[Image-caption web data]
*** Block opens ***

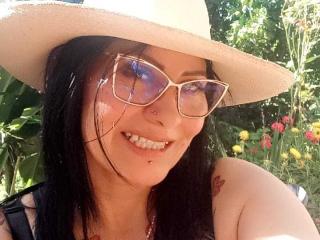 Lásd a DonnaJones teljes profilját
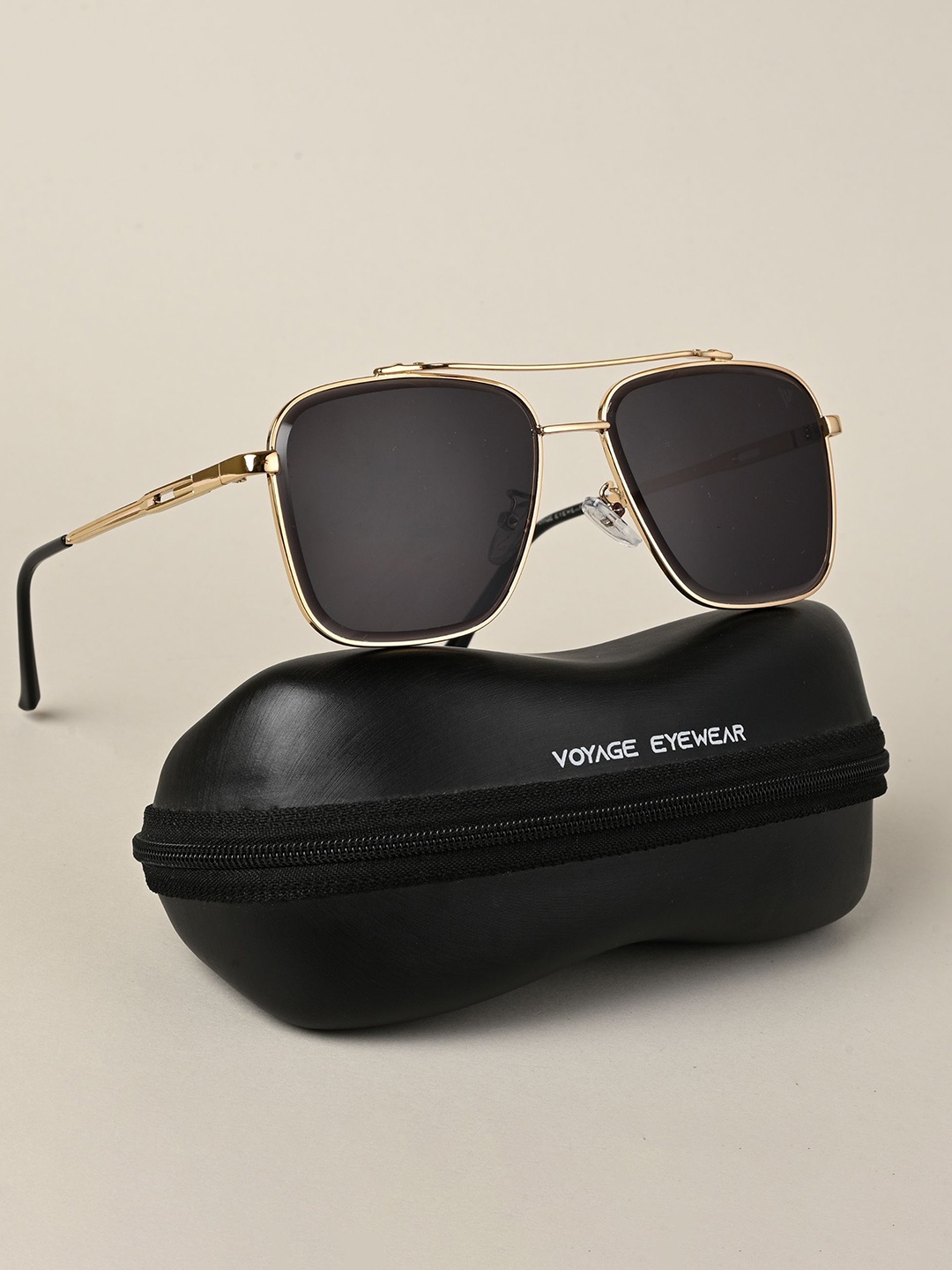 

Voyage Unisex Aviator Sunglasses with UV Protected Lens B80674MG5194, Black
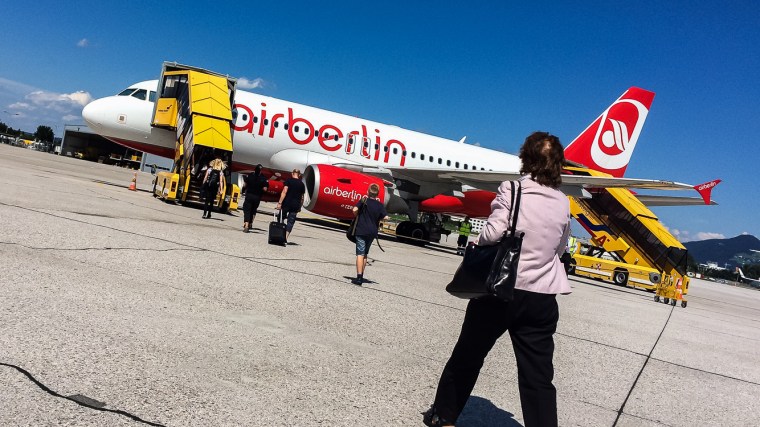 Flughafen, Salzburg, Österreich, Flugzeug, Airbus, Airbus 319, Vorfeld, Boarding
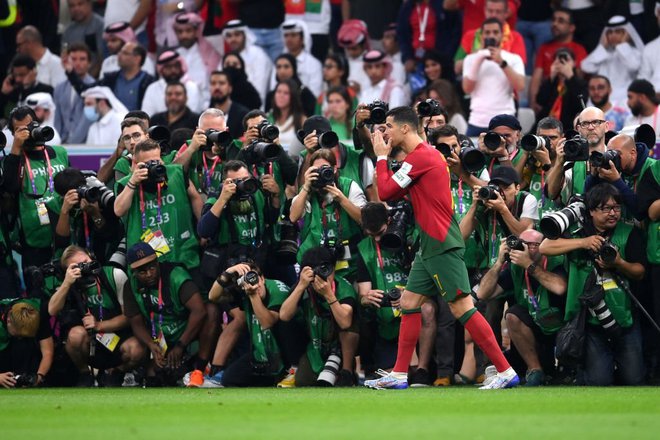 Bức ảnh Messi quỳ gối trước C.Ronaldo gây phẫn nộ | Báo Dân trí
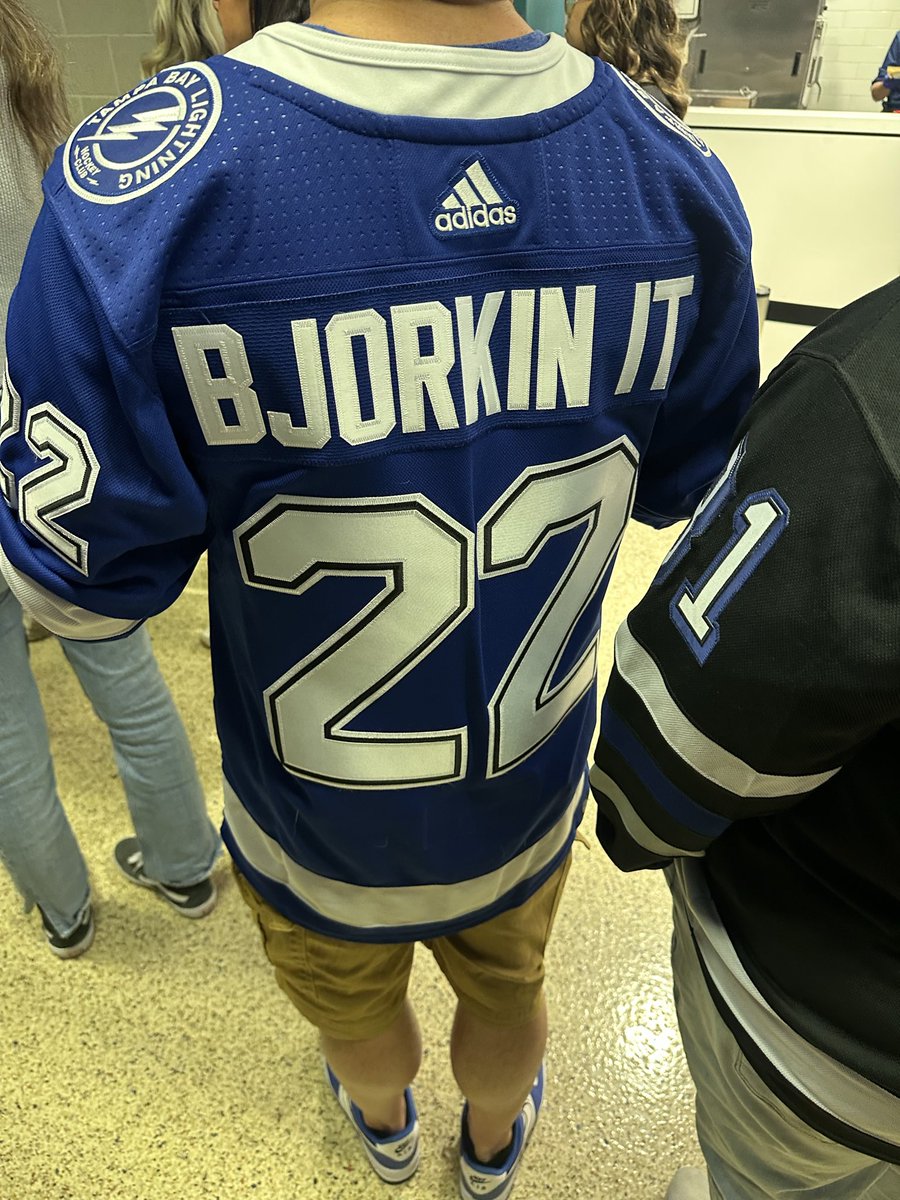 andrewsmithm3's tweet image. We’re so back #GoBolts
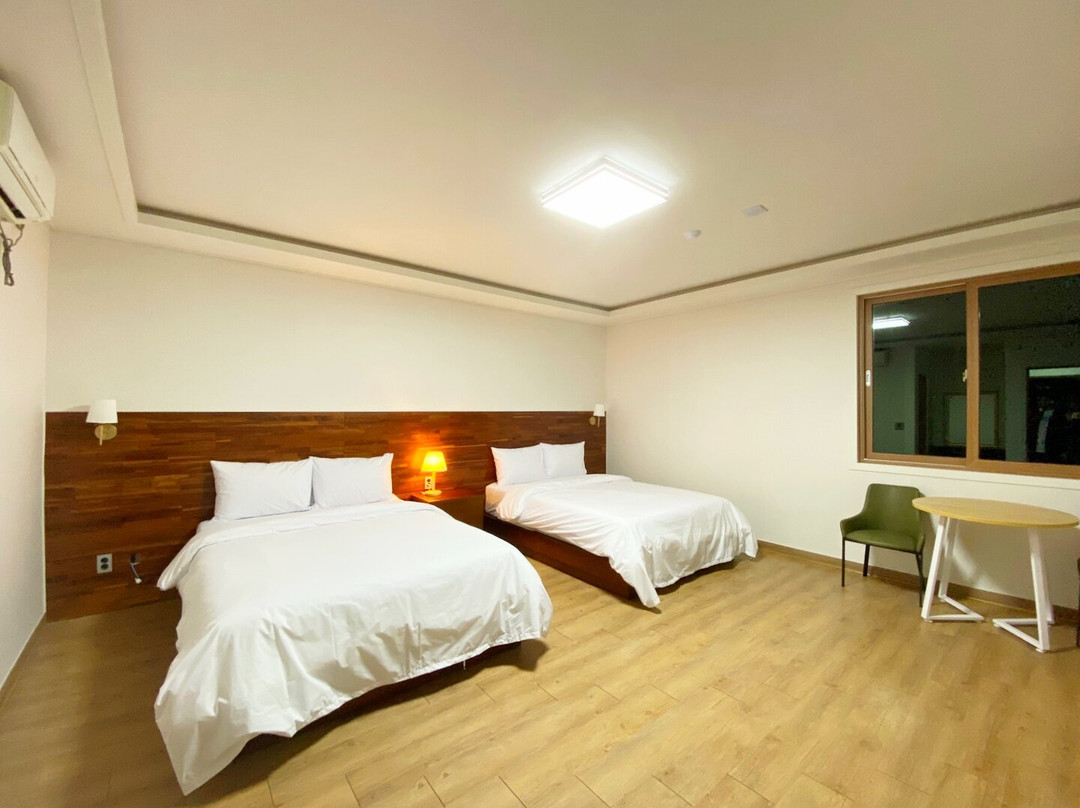 F1 Hotel主图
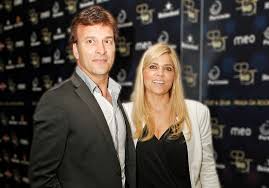 A nova namorada de tony carreira, ângela rocha, já está a viver dos rendimentos do cantor ângela, de 38 anos de idade, deixou para trás a carreira como hospedeira de bordo e está dedicada. Relacao Em Risco Em Sofrimento Profundo Tony Carreira Afasta Se Da Namorada Nacional Flash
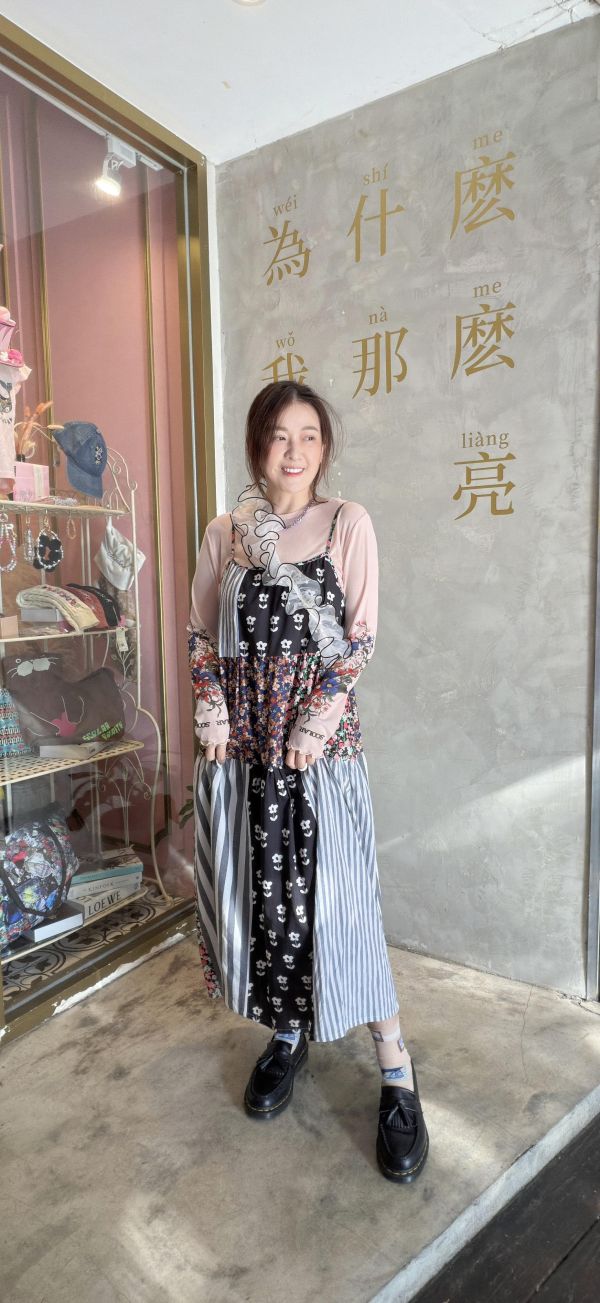 碎花條紋拼接細肩帶洋裝 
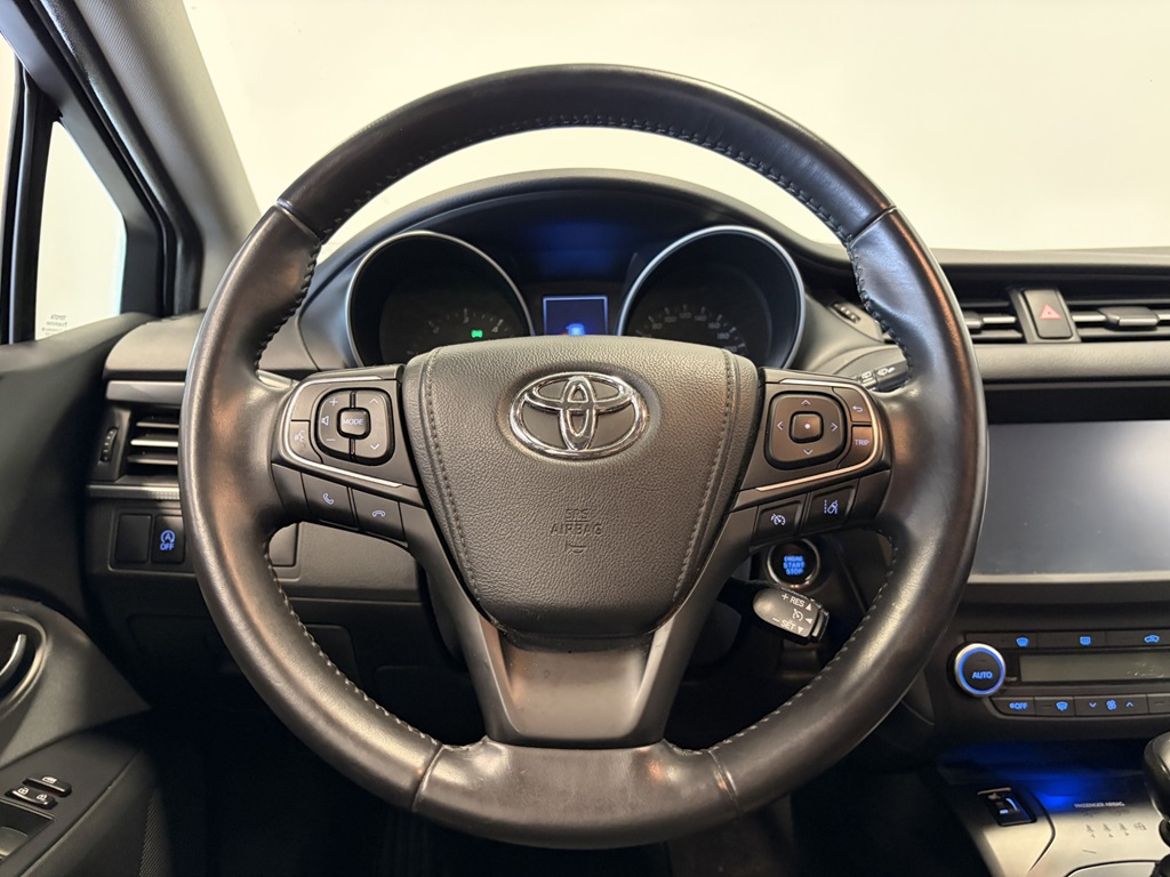 Toyota Toyota Avensis Kombi — bild 11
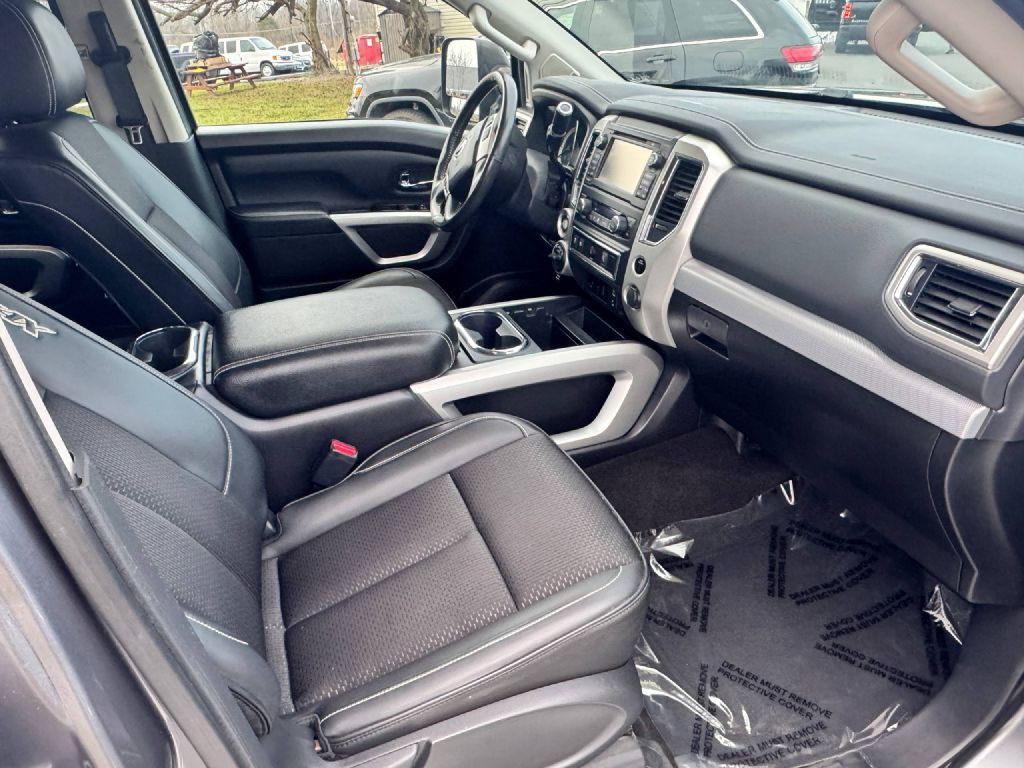 2018 Nissan Titan Image 18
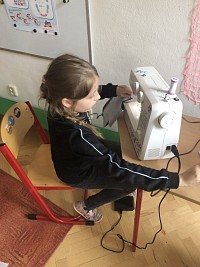 Kroužek šití - Tobík, Kamča - obrázek číslo: 2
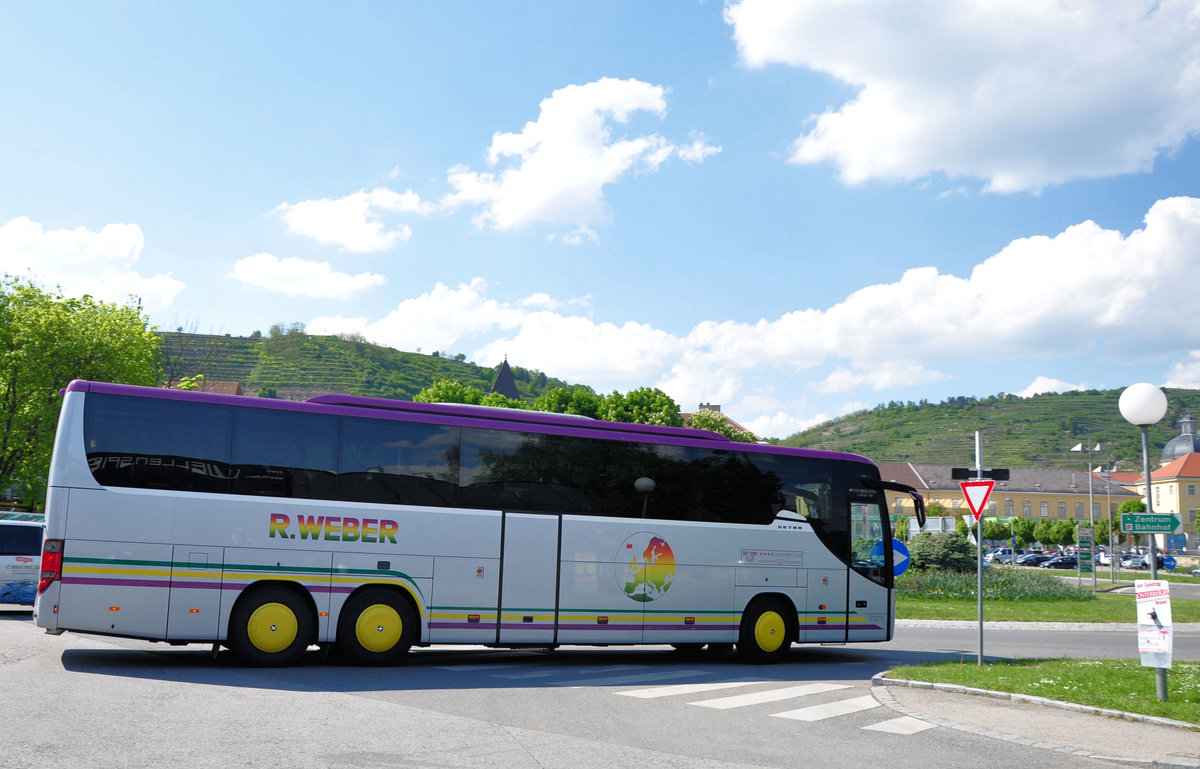 Setra 416 GT-HD von R.Weber Reisen aus der BRD in Krems gesehen.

*** Block closes ***

WHAT YOU ARE ASKED TO DO =>
With the images removed, give back every entry exactly as shown.

ANSWER SECTION =>
 Lásd a DonnaJones teljes profilját

Voyage Unisex Aviator Sunglasses with UV Protected Lens B80674MG5194, Black
 Flughafen, Salzburg, Österreich, Flugzeug, Airbus, Airbus 319, Vorfeld, Boarding
 Bức ảnh Messi quỳ gối trước C.Ronaldo gây phẫn nộ | Báo Dân trí
 andrewsmithm3's tweet image. We’re so back #GoBolts
 F1 Hotel主图
 A nova namorada de tony carreira, ângela rocha, já está a viver dos rendimentos do cantor ângela, de 38 anos de idade, deixou para trás a carreira como hospedeira de bordo e está dedicada. Relacao Em Risco Em Sofrimento Profundo Tony Carreira Afasta Se Da Namorada Nacional Flash
 碎花條紋拼接細肩帶洋裝 
 Toyota Toyota Avensis Kombi — bild 11
 2018 Nissan Titan Image 18
 Kroužek šití - Tobík, Kamča - obrázek číslo: 2
 Setra 416 GT-HD von R.Weber Reisen aus der BRD in Krems gesehen.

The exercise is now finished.